* [TASK TO COMPLETE] Starting at the line that contains "Hartz UltraGuard Pro", transcribe each line exactly through the end of the data below, and skip any pictures.

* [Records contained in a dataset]
************

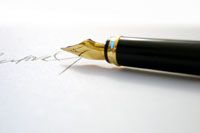 Pen with signature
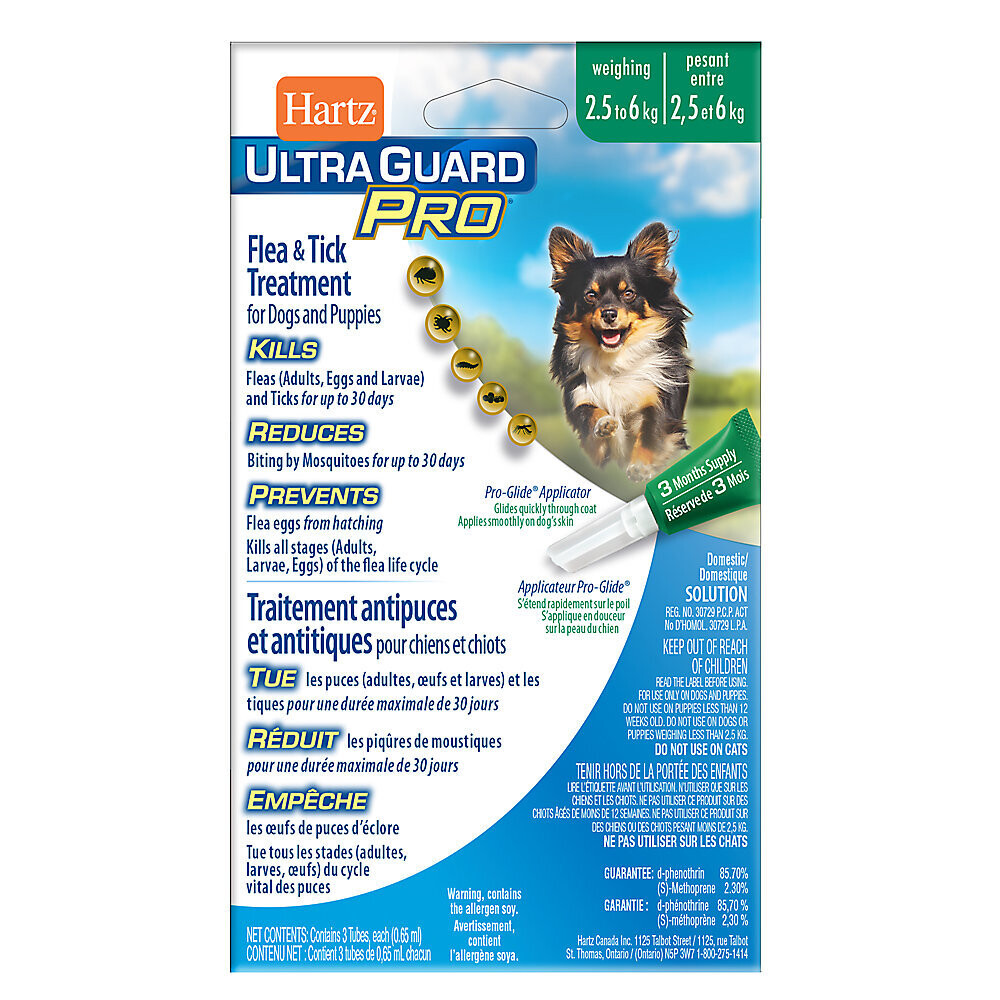 Hartz UltraGuard Pro Flea and Tick Treatment for Dogs and Puppies - 2.5kg to 6kg-3 Tubes 犬用跳蚤和蜱虫体外除虫驱虫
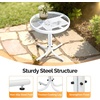image:imageVINGLI Outdoor Side Table 18 Patio Table Steel Frame Tempered Glass Top Weatherproof Small Tables for Balcony Garden Poolside Green RoundWhite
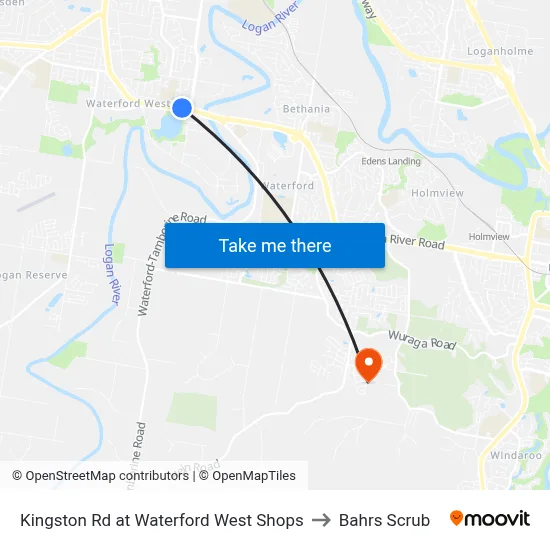 Kingston Rd at Waterford West Shops to Bahrs Scrub map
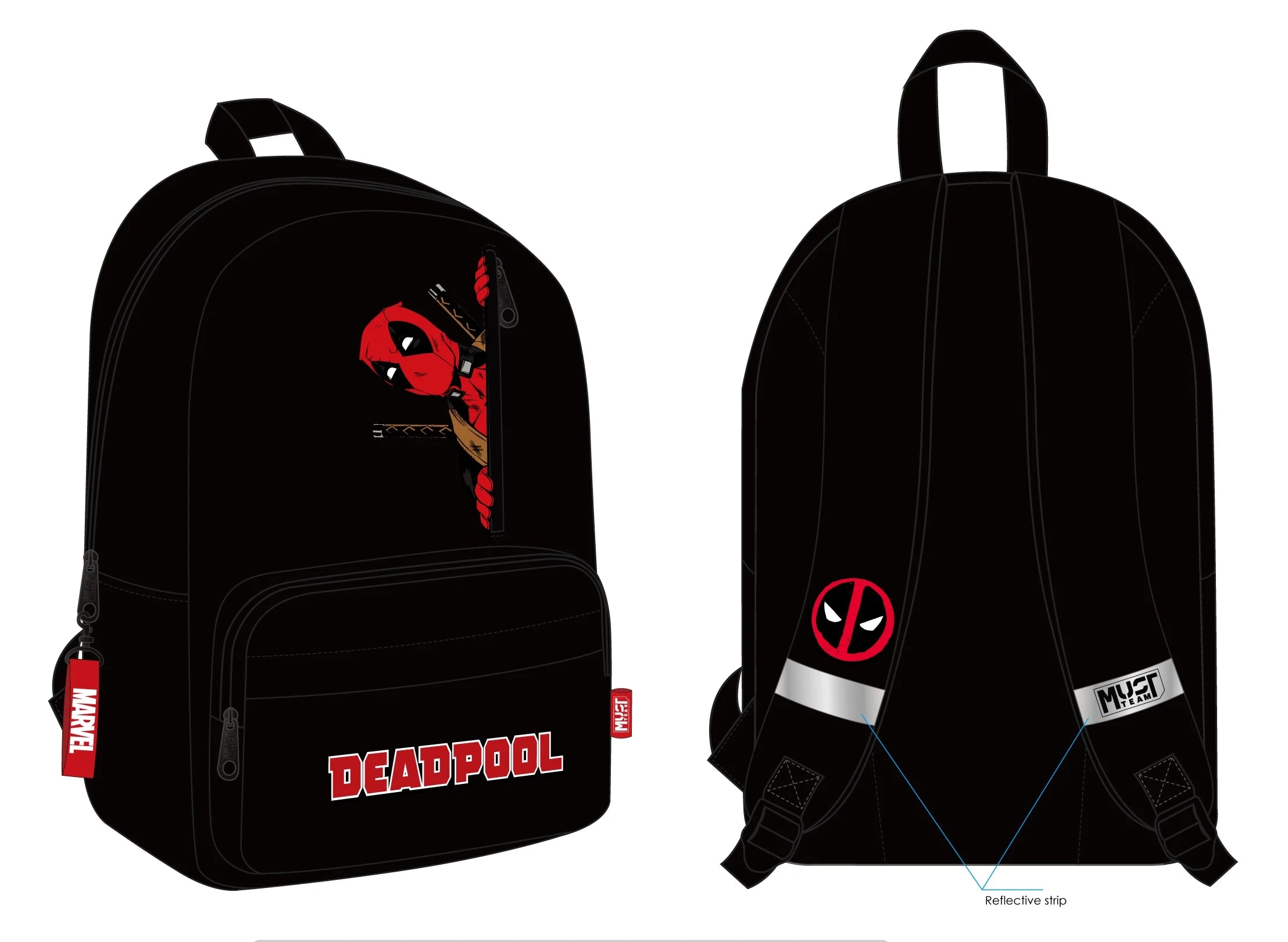 DEADPOOL - Red Logo - Backpack '41x29x17cm'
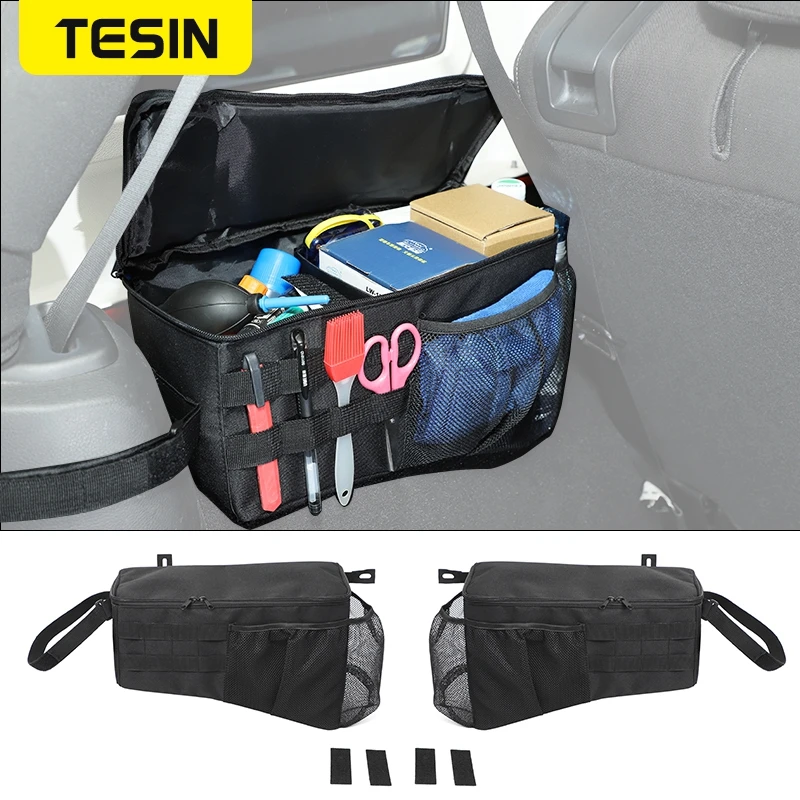 

TESIN Stowing Tidying Trunk Storage Bag for Jeep Wrangler 2007+ 4 Doors Trunk Side Storage Bag Organizer For Jeep Wrangler JK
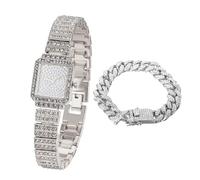 HALUKAKAH Kids' Diamond Watch Sparkling Starry: Platinum Plated,Elegant & Casual Rectangle Dial,Full of Diamonds,Stainless Steel Band Quartz Watch,with Cuban Chain 18cm,Present for Boys and Girls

************

* [RESPONSE FOR THIS EXERCISE]
 Hartz UltraGuard Pro Flea and Tick Treatment for Dogs and Puppies - 2.5kg to 6kg-3 Tubes 犬用跳蚤和蜱虫体外除虫驱虫
image:imageVINGLI Outdoor Side Table 18 Patio Table Steel Frame Tempered Glass Top Weatherproof Small Tables for Balcony Garden Poolside Green RoundWhite
 Kingston Rd at Waterford West Shops to Bahrs Scrub map
 DEADPOOL - Red Logo - Backpack '41x29x17cm'

TESIN Stowing Tidying Trunk Storage Bag for Jeep Wrangler 2007+ 4 Doors Trunk Side Storage Bag Organizer For Jeep Wrangler JK
 HALUKAKAH Kids' Diamond Watch Sparkling Starry: Platinum Plated,Elegant & Casual Rectangle Dial,Full of Diamonds,Stainless Steel Band Quartz Watch,with Cuban Chain 18cm,Present for Boys and Girls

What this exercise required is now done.